Sabato 14 e domenica 15 ottobre 2023 tornano, per la dodicesima edizione, le Giornate FAI d’Autunno, l’amato e atteso evento di piazza che il FAI – Fondo per l’Ambiente Italiano ETS dedica ogni anno al patrimonio culturale e paesaggistico del nostro Paese. Durante il fine settimana – animato e promosso dai Gruppi FAI Giovani, assieme a tutti i volontari della Rete Territoriale della Fondazione – saranno proposte speciali visite a contributo libero in 700 luoghi straordinari in oltre 350 città d’Italia, spesso inaccessibili o semplicemente insoliti, originali, curiosi, poco conosciuti e valorizzati.

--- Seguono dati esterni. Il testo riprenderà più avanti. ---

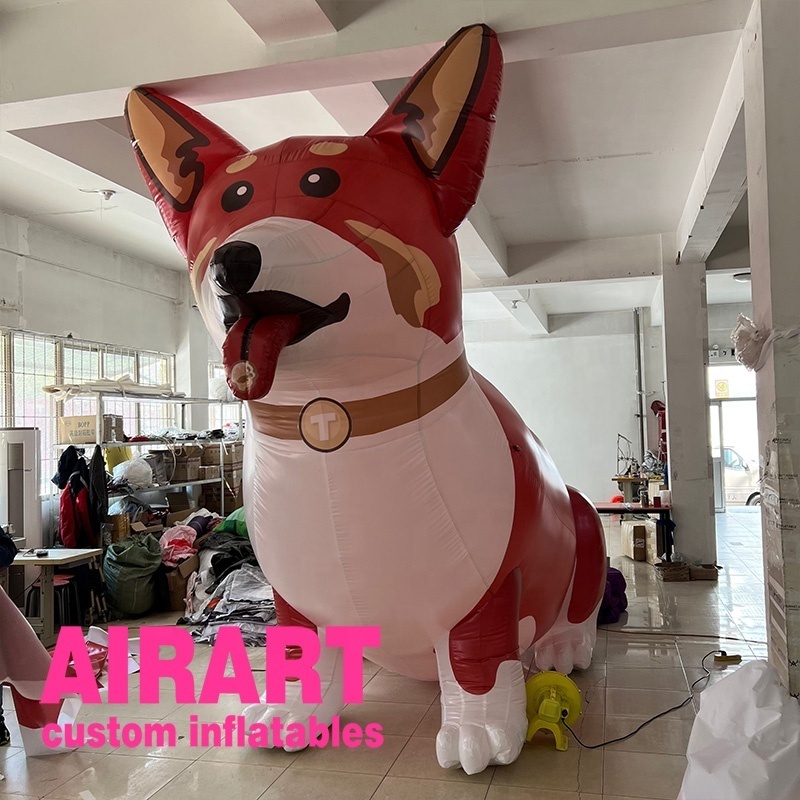 animals park decoration inflatable dog mascot,air blown cute Corgi inflatable dog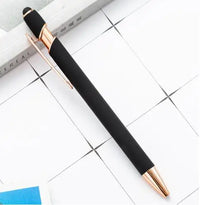 HKM-324307 2 in 1 Multifunctional Stylus and Metal Ballpoint Pen with Custom Logo, Soft Touch Rubber Body, Rose Gold Finish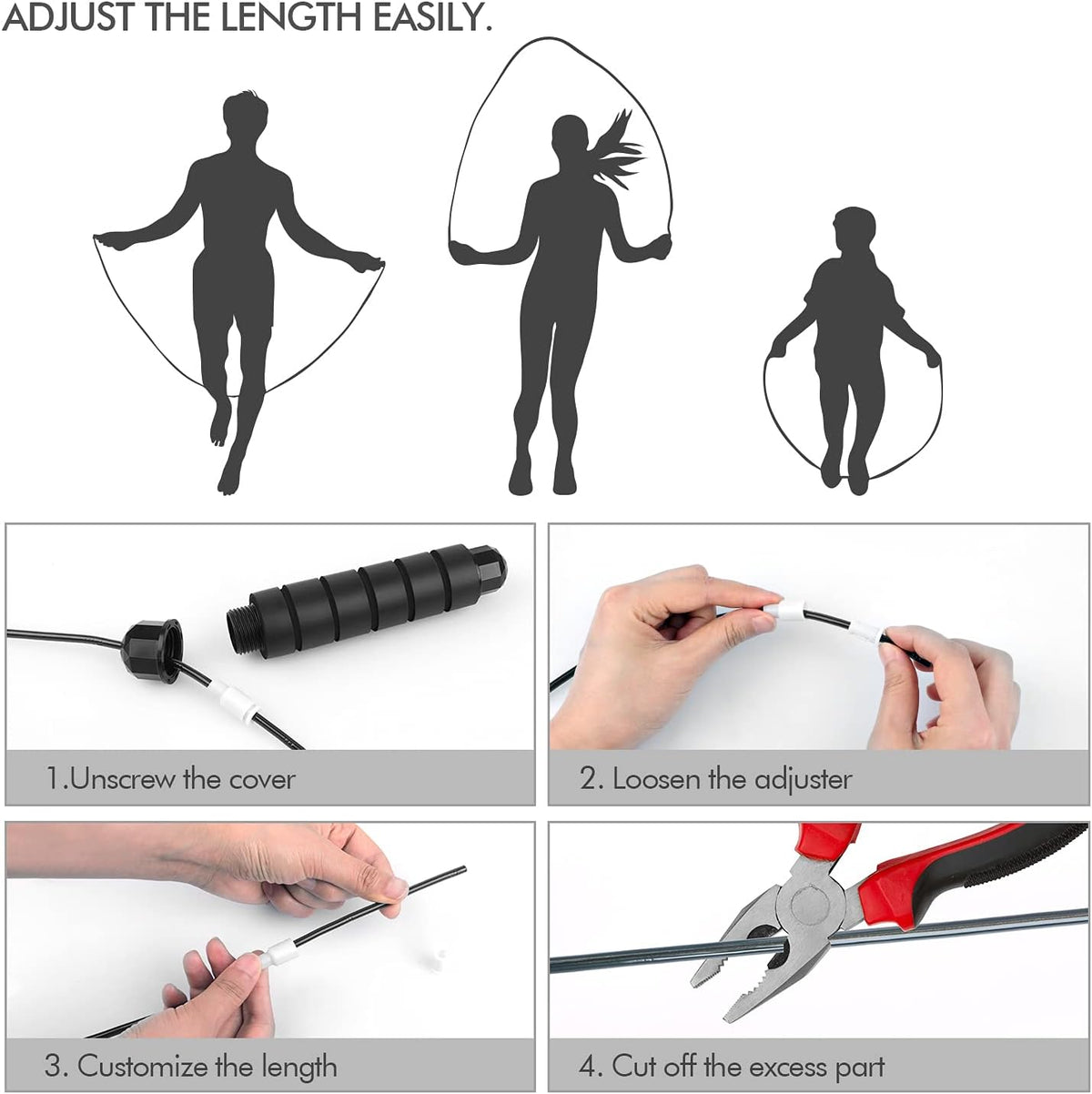 Cuerda de saltar sin enredos de velocidad rápida, cable de salto co...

I Delegati e Volontari della Fondazione, come ogni anno, metteranno a disposizione energia, creatività ed entusiasmo per svelare la ricchezza e la varietà del patrimonio di storia, arte e natura che è in ogni angolo di questo Paese. Un patrimonio sorprendente e inaspettato, che non consiste solo nei grandi monumenti o nei musei, ma anche in edifici e paesaggi inediti e sconosciuti, luoghi speciali che custodiscono fascino, culture e tradizioni, e che tutti siamo chiamati a curare e a proteggere per le generazioni presenti e future, com’è nella missione del FAI, cominciando innanzitutto a conoscerli, per scoprirne il valore.

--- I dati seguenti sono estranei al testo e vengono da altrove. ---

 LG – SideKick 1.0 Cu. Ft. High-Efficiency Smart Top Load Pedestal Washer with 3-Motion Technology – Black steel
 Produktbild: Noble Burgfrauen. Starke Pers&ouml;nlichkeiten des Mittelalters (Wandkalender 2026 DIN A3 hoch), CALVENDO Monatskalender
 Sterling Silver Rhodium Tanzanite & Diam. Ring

Settecento proposte in oltre 350 città d’Italia, in tutte le regioni. Settecento meraviglie da scoprire che raccontano, ognuna a suo modo, l’Italia. Oltre ai luoghi del sapere, sarà possibile visitare palazzi storici, ville, chiese, castelli, ma anche esempi di archeologia industriale, laboratori artigiani e siti produttivi, ricchi di storia e curiosità. E ancora musei, collezioni d’arte, aree archeologiche, biblioteche. Saranno in programma, inoltre, itinerari nei borghi e percorsi in aree naturalistiche, parchi urbani, orti botanici e giardini storici. Insomma: archeologia e architettura, arte e artigianato, tradizione e memoria, antico e moderno, città e campagna. Tutto questo è il patrimonio culturale dell’Italia, il “nostro patrimonio”, che il FAI svela al pubblico in due giorni di festa, di divertimento, ma anche di apprendimento. A chi desideri partecipare verrà suggerito un contributo libero, che andrà a sostegno della missione e dell’attività del FAI.
In occasione delle Giornate Fai d’Autunno a Siracusa verrà aperta al pubblico la Chiesa del Collegio dei Gesuiti. Chiusa da un quarantennio – da quando gli ultimi Gesuiti lasciarono Siracusa nei primi anni ’80 – nelle Giornate FAI d’Autunno 2023 si potrà eccezionalmente visitare la Chiesa del Collegio dei Gesuiti, nel cuore di Ortigia. Fa parte di uno dei più grandiosi e affascinanti complessi architettonici siciliani, cui appartiene anche la Scuola Gesuitica, unico centro di formazione in città fino alla fine del ‘700, in cui studiavano i rampolli della nobiltà locale. La fondazione del Collegio dei Gesuiti a Siracusa risale al 1554 e la prima pietra per l’edificazione della chiesa fu posta il 31 luglio 1635 in coincidenza con la festa di Sant’Ignazio. All’interno sono custodite importanti e imponenti opere d’arte: nel transetto sinistro la Cappella di Sant’Ignazio di Loyola che reca nella nicchia la statua raffigurante il fondatore della Compagnia di Gesù, opera dello scultore palermitano Ignazio Marabitti del 1756. Di grande valore anche il dipinto di Antonio Madiona raffigurante S. Francesco Saverio e i bellissimi altari in marmo provenienti dall’ex Chiesa dei Gesuiti di Palermo e qui ricomposti tra il 1927 e il 1931. Ricco di marmi policromi anche l’altare maggiore di Giovan Battista Marino. Splendide le due grandi cantorie ai lati dell’altare maggiore.